From the line containing "Audi RSQ8 4.0" down to the final line of the entries below, quote every line verbatim. Exclude pictures.

[INFORMATION SUPPLIED Boundary: Start]

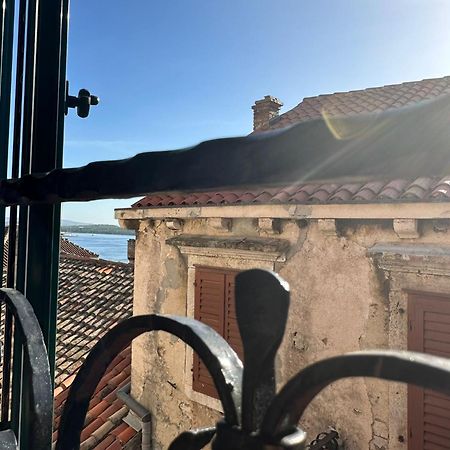 Old Stone House St Lawrence In The Heart Of Sibenik'S Old Town公寓 外观 照片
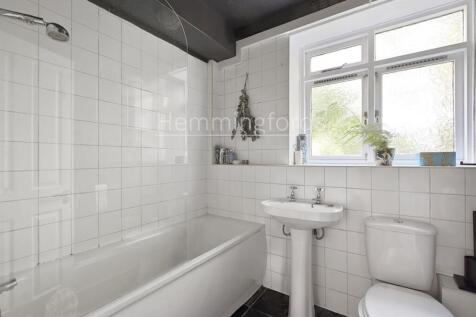01-d14bGCHMF - 34 Cluse Court - Batrhoom -Original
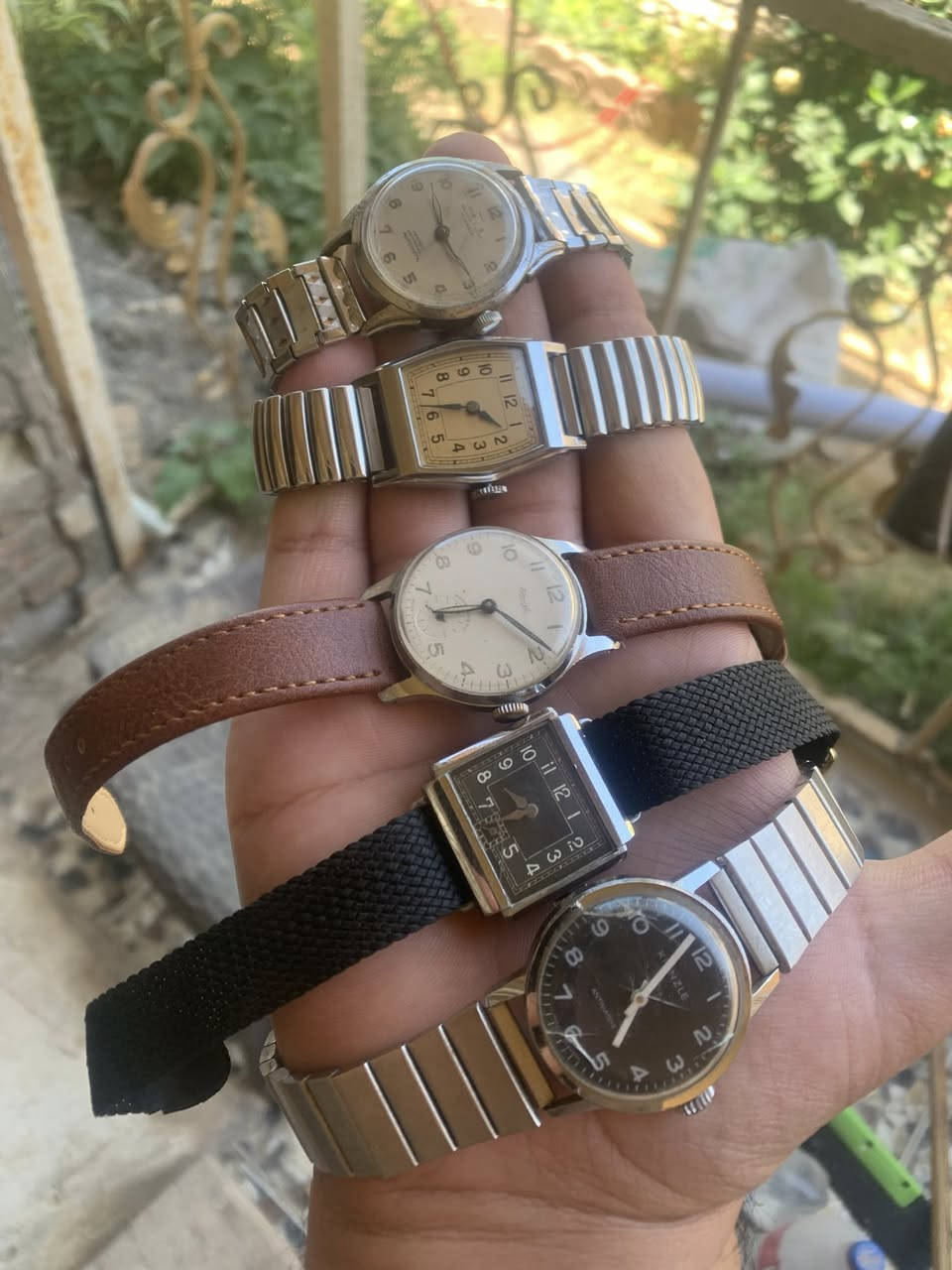 شلعة ساعات نصب تكيوك ٣٣ قطعة 

كلة شغال ومضبوط 

سعر مناسب جدا 

البيع شلع فقط


**إذا كنت صاحب هذا الإعلان وتريد حذفه لأي سبب، رجاءا أرسل رسالة إلى الدعم الفني**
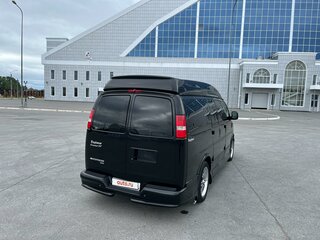 2009 Chevrolet Express II, чёрный, 3250000 рублей, вид 4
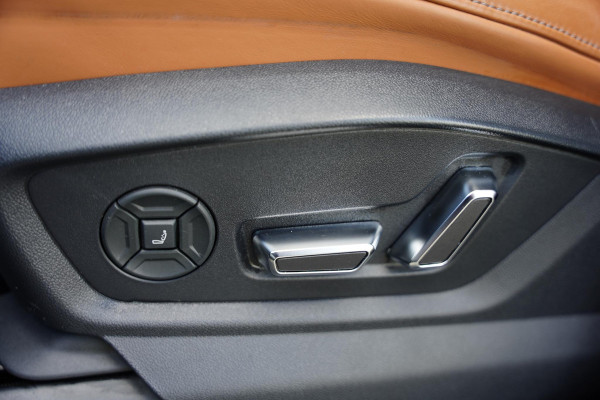 Audi RSQ8 4.0 TFSI Quattro Keramische Remmen / Leder Terracotta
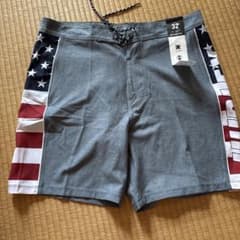 Hurley PHANTOM 水着 サーフパンツ 32インチのサムネイル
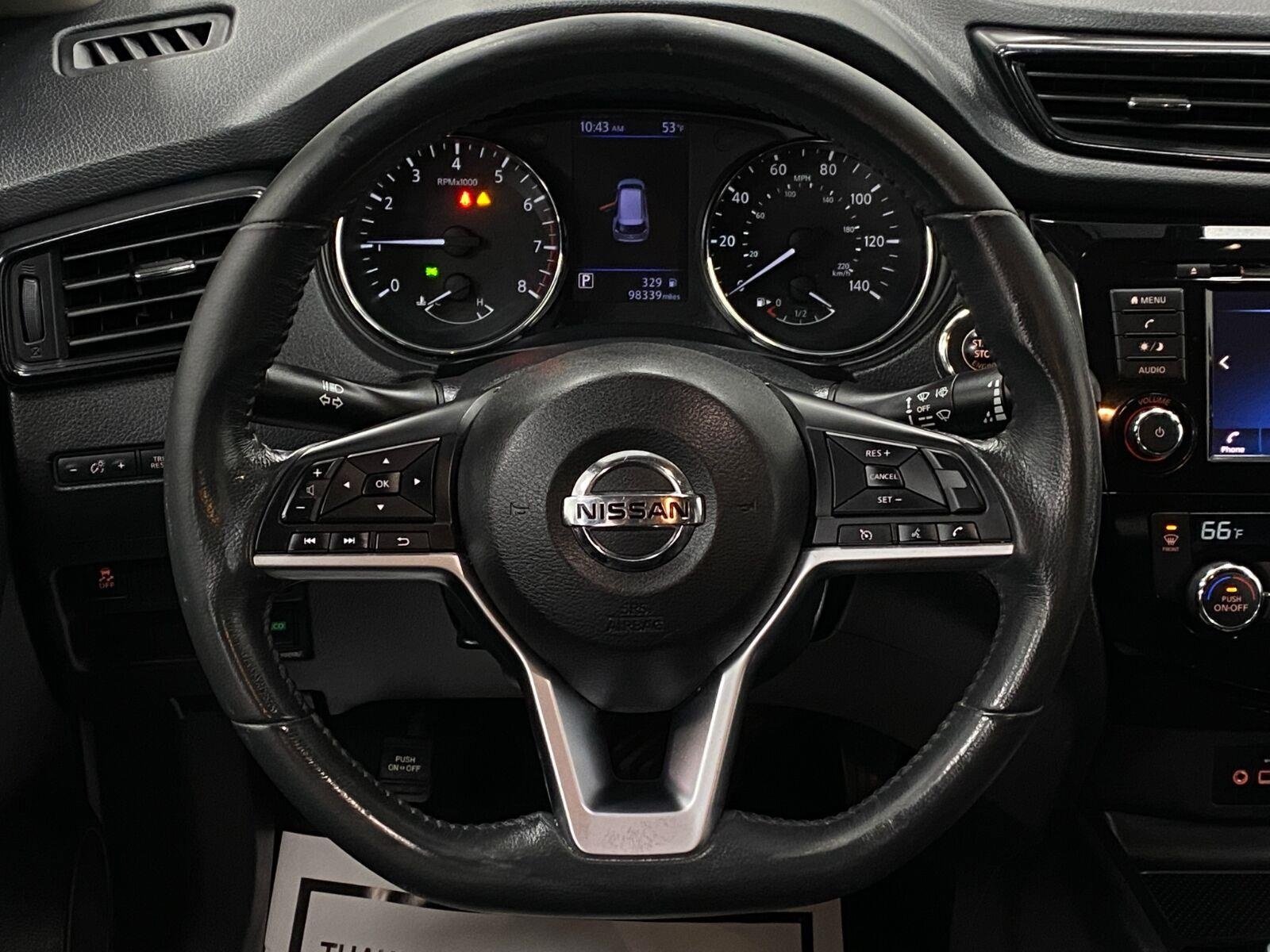 Used 2018 Nissan Rogue SV FWD image 16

[INFORMATION SUPPLIED Boundary: End]

• _ANSWER FOR THIS EXERCISE_
 Audi RSQ8 4.0 TFSI Quattro Keramische Remmen / Leder Terracotta
 Hurley PHANTOM 水着 サーフパンツ 32インチのサムネイル
 Used 2018 Nissan Rogue SV FWD image 16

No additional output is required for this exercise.